Monday, March 1, 2010

"THERE IS NO HEALTH IN US"

Monday after the Second Sunday of Lent

Underneath the ennobling words of the liturgy and the solemn processions and rites of the season, Lent is really about something grimy and nasty.

We keep Lent because of sin. Not generic sin, or, even more removed, “sinfulness,” as if we’re lamenting some aspect of “the human condition.” No, it’s sin, yours and mine. Pride, self-consuming self-centeredness; spiteful Anger which draws pleasure from inflicting pain; gnawing Envy which can only rejoice in the sorrow of others; Greed which grasps at accumulation hoping to find spiritual fulfillment in material things; Lust, which offers the love every soul craves through fleeting pleasures—and Gluttony which promises the same (though differently focused, the two are much alike); and Sloth, acedia, the destroyer of beauty and hope, the surrender of the soul to meaninglessness. The Seven Deadly Sins, as they’ve collectively come to be known.

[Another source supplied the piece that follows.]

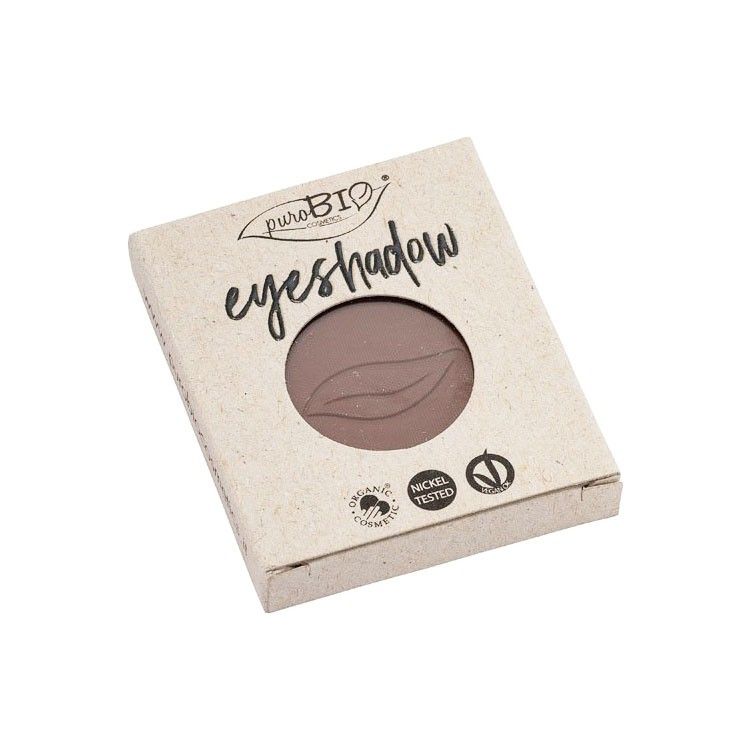 Eyeshadow 03 Brown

We need to see them for what they are: the yellowed pus, the shredded white-skinned leprosy of the soul. This is what you and I are fighting against throughout our lives, but in Lent we focus specially on our war with sin. Lent isn’t about the giving up of bacon—that’s just a weapon to help you fight sin. Is it the best one? That depends on which sin you’re fighting.

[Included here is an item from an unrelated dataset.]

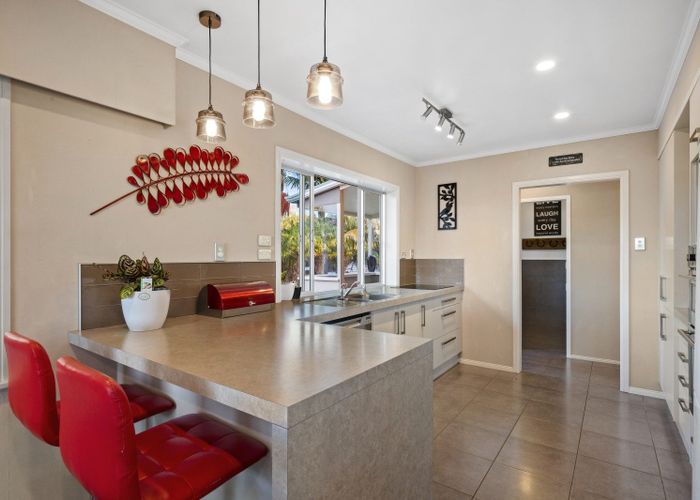  at 39 Woodhouse Road, Patumahoe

A tradition many centuries old looks at the list of the Deadly Sins and divides them into two "types." Though these have been given different names at different times, the distinctions remain the same. There are Sins of Malice (the first three listed above) and Sins of Infirmity (the last three—customarily, greed straddles the division).

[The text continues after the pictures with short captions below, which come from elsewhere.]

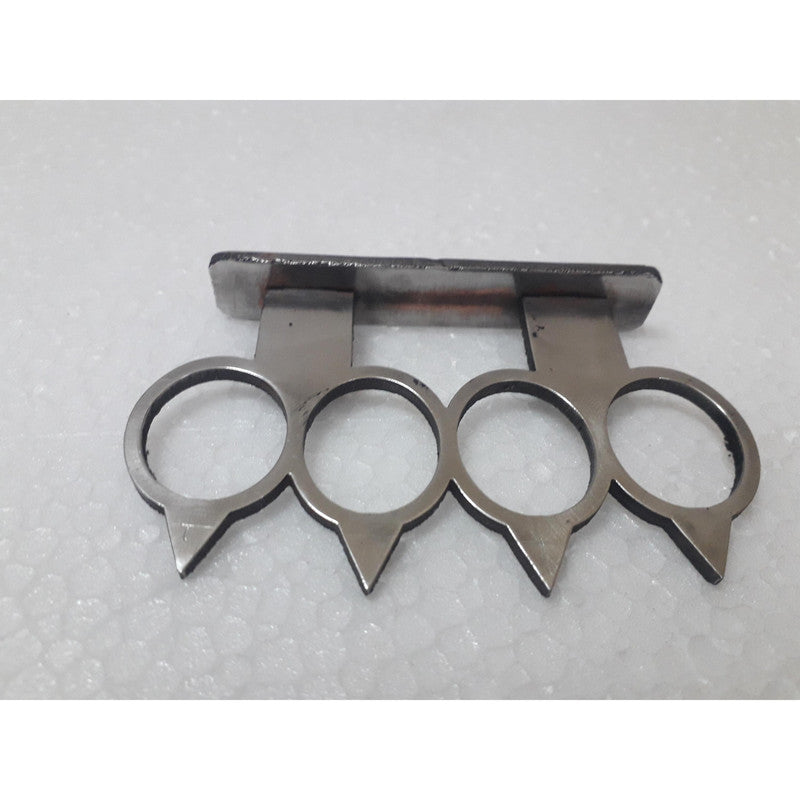 Carbon Steel Traditional Royal Collection - Heavy Duty Hand Tools (432)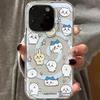 Huse pentru telefoane – Huse tip bumper pentru telefon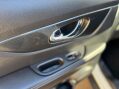 Nissan X-Trail 1.6 X-Trail N-Vision dCi 5dr 80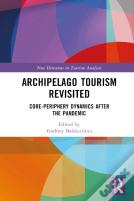 Archipelago Tourism Revisited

Sins of malice are sins I commit because I don’t care about you. You exist for me, my sake, my pleasure.

Sins of Infirmity are sins of weakness, sins I commit because I’ve twisted the sensual and mental pleasures God gave me to enjoy, into ends in themselves.

“And there is no health in me…”

I remember—I won’t ever be able to forget—sitting at a stop-light one night when I had to go into Hollywood. Though St Mary’s sat right on the edge of the town, I avoided going there whenever possible (when I eventually got curates at St Mary’s, they each, in turn, ventured there in my stead whenever I could manage it). It was late at night and I was stopped on Sunset Boulevard. From the street corner a prostitute called to me, offering her services. It’s not the first time I’d been propositioned by a “soiled dove,” but that’s a story for another time. What remains with me till today is the woman herself. She was older, at least in her mid-50’s (perhaps the street lamp adds years as television is said to add pounds, I dunno) and thickly-made up. Her lipstick was troweled on, she had over-powdered her face and from a distance I could see how much she’d coated her eyelids with some sparkly stuff. Her metallic clothes hung on an emaciated frame.

Older women have an appealing beauty and grace of their own. She should have, but didn’t. She wasn’t enticing or even interesting—just pathetic, even, revolting. To my mind, she is the picture of Sin. Not because of her particular profession, but because she is the perfect example of what Sin “is.” A promise of something not true, twisted from what she was meant to be.

We keep Lent because you and I commit sins—not generic ones but ugly ones that claw and tear at who we are. I may imagine my sin doesn't hurt others, but sin always hurts me. We keep Lent not merely to turn from the everyday sins we commit, but because each of us aspires to something more. “Beloved,” St John writes, “it doth not yet appear what we shall be: but we know that, when He shall appear, we shall be like Him…” We keep Lent because something inside us insists that we are made for more than malicious selfishness and careless pleasure.

As the priest reminded us not very long ago, we are dust. But you and I are dust with a calling. We are beloved dirt—and God has just begun to mold us. If you think Lent is a challenge, wait till you see what He intends for you later!